From the union of Roman enervation with Oriental languor nothing could be born but the long decrepitude of Byzantine Christianity — the trunk was too rotten and the graft too degenerate to bring forth a fair fruit. The evil qualities of Oriental society are evident throughout: luxury, despotism, a superstitious religion, and a slavish obedience to temporal powers.

Reber frankly acknowledges that early Christianity was anti- artistic, and he therefore does not for a moment expect the Church to vivify and invigorate this enervated world. The feat would by no means have been impossible if Christianity had been really a civilizing force, which Augustine never claimed it to be. Ancient Egypt twice fell into a similar state of decrepitude, and was twice rejuvenated and suffused with energy and artistic creativeness. Ancient Persia was restored, and had a splendid art and culture, at the very time of this failure of the Greek Empire which Reber describes. There was, it is true, a short period of Byzantine energy under the Emperor Justinian, when the church of St. Sophia (now a mosque) at Constantinople was built, but it soon passed, and the prosperous and almost untroubled empire remained artistically feeble, or actually degenerated.

Byzantine art at its best, as seen in its finest products, St. Sophia and St. Mark, is an illustration of the way in which the leaders of the Church were constantly persuaded to betray the principles of Christ and enlist the service of art. As Faure sincerely says (ii, 262)

Had Christianity remained as St. Paul desired it, and as the Fathers of the Church defined it, it must needs have turned its back upon the plastic interpretations of the ideas which it introduced. But as it wished to live, it obeyed the law which compels us to give to our emotions the form of the things that we see.

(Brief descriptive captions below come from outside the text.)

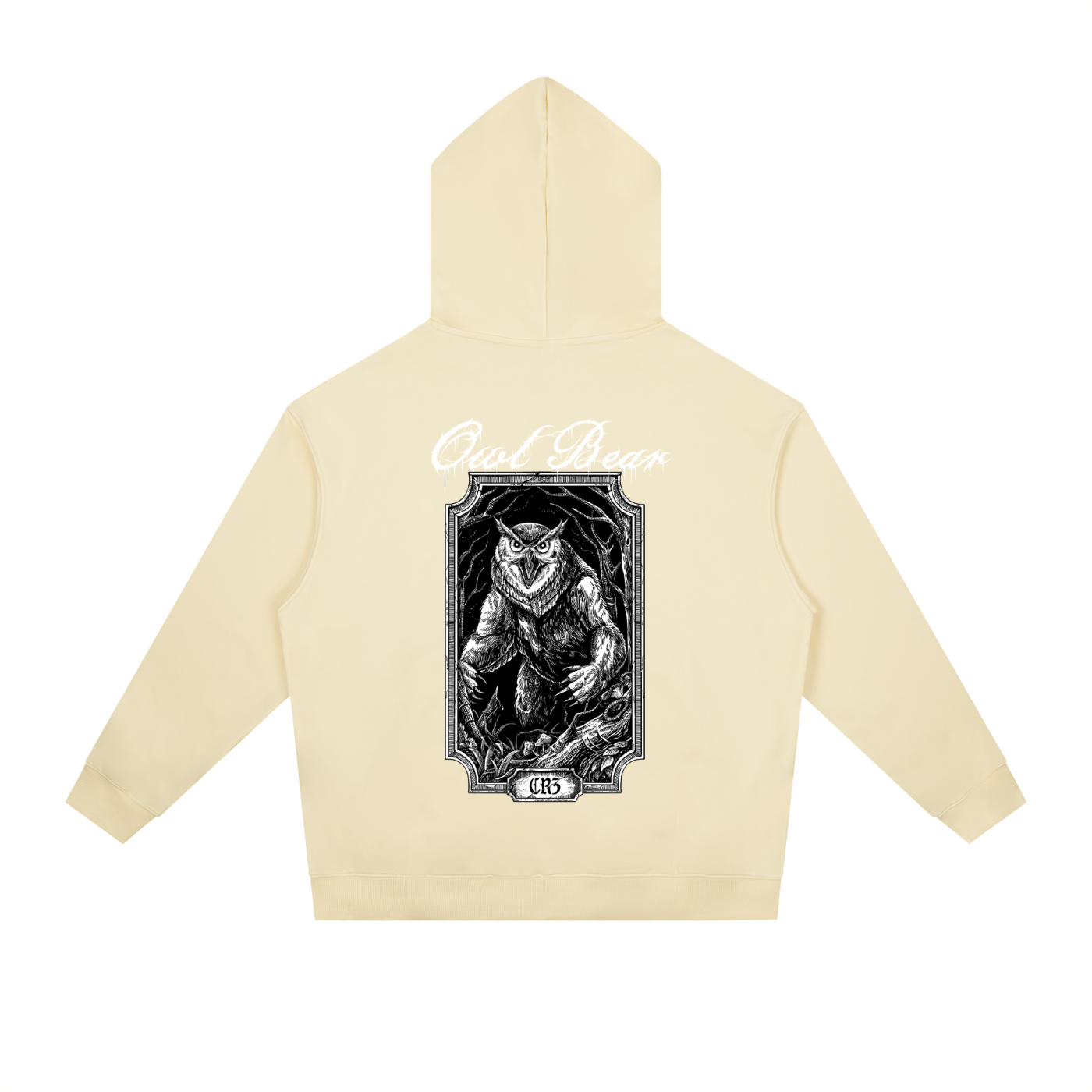 Owlbear Heavyweight Drop-Shoulder Hoodie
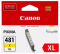 Картридж Canon CLI-481XL Y, 2046C001 (8.3ml)
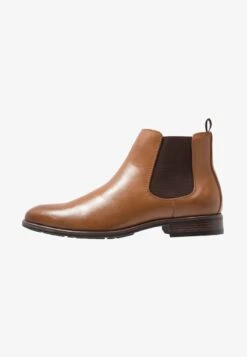 Pier One Stiefelette - Cognac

The Christian ideas, in other words, would of themselves fail to hold the mass of the people in any age. The Church replies that it may and must, therefore, consult the spiritual feebleness of human nature by expressing these ideas in architecture, sculpture, painting, embroidery and music. Very well; but it is an historical truth that neither Christ nor St. Paul nor any weighty Father of the early Church admitted this, and it is a psychological truth that it is the pleasure of the art, not its idea-content, which attracts. So clear was this even in the Greek Empire that there soon arose the sect of the Iconoclasts (image-breakers) who, in sincere fidelity to the principles of Christ, checked the new service of art for several centuries.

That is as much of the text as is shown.